Chanel says it ‘deeply regrets’ boomerang controversy
Chanel on Tuesday responded to a controversy about producing a high-priced boomerang featuring the brand’s signature logo after some people criticized it as an appropriation of Australian Aboriginal culture.
“Chanel is extremely committed to respecting all cultures, and deeply regrets that some may have felt offended,” the brand said in a statement.
Social media erupted with negative comments after Jeffree Star, a U.S. makeup artist with 4.7 million followers on Instagram, posted an image of the item with the caption: “Having so much fun with my new #Chanel boomerang 🖤.” The post drew close to 156,000 likes, and generated heated debate.
Some commenters pointed out the boomerang was originally not a toy but was used for hunting in Australia, adding that the Chanel version was offensive. Others questioned Star for spending money on the item, which on Chanel’s web site is priced at 1,260 euros, or $1,360.
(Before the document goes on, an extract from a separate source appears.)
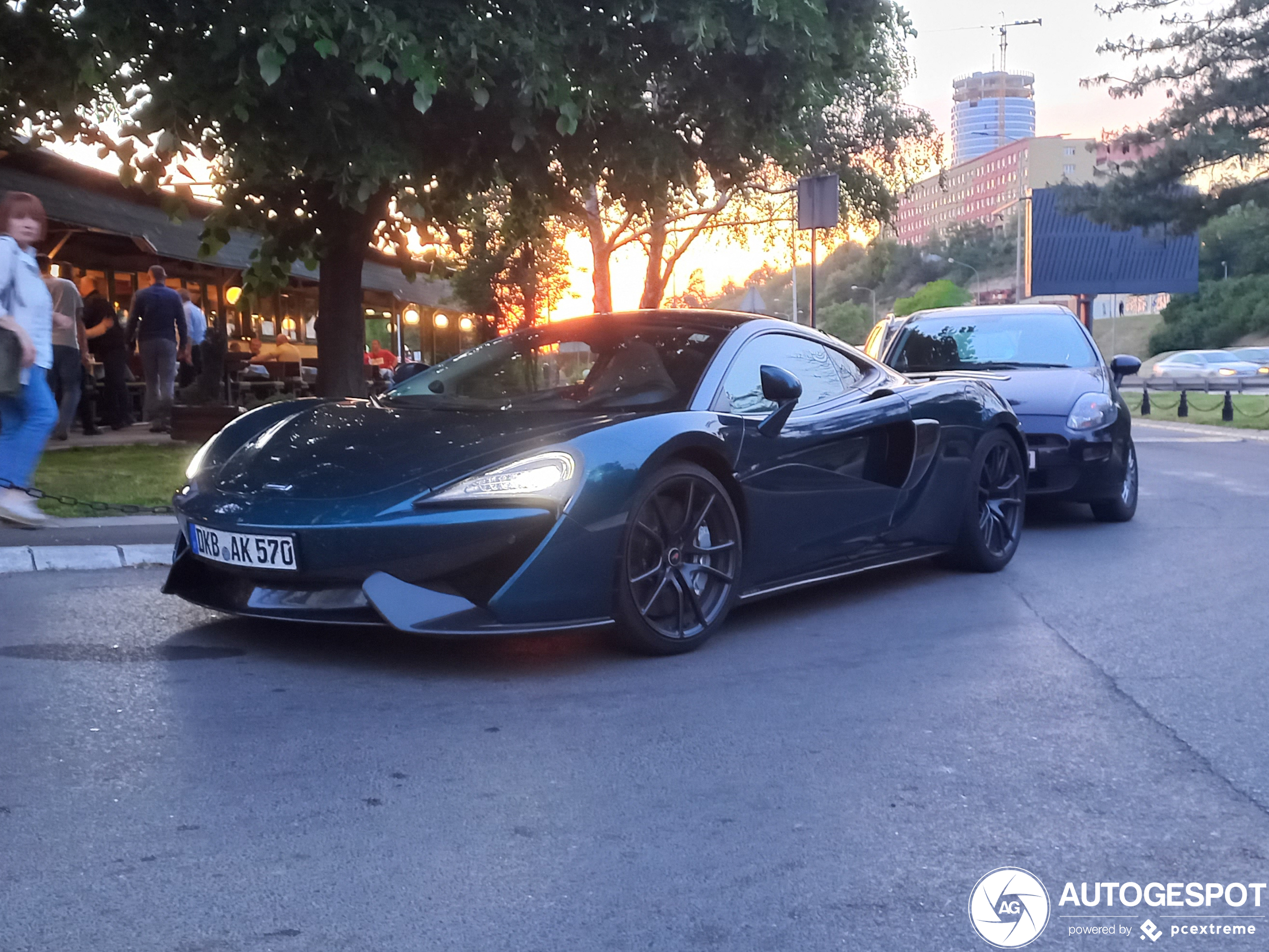 McLaren 570GT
Many defended the makeup artist, saying boomerangs were widely used for outdoor activities and he was entitled to purchase what he liked.
Nayuka Gorrie, an Aboriginal writer and activist, tweeted an image of the boomerang with the caption: “When I think about Aboriginal culture, I think @chanel.” She then followed with: “Have decided to save for the next three years so I can connect with my culture via @chanel.”
Chanel said the item was one of several sports accessories offered as part of its spring collection, alongside tennis rackets, a stand-up paddle, beach rackets and balls.
“The inspiration was taken from leisure activities from other parts of the world and it was not our intention to disrespect the Aboriginal and Torres Strait Islander community and the significance of the boomerang as a cultural object,” it said.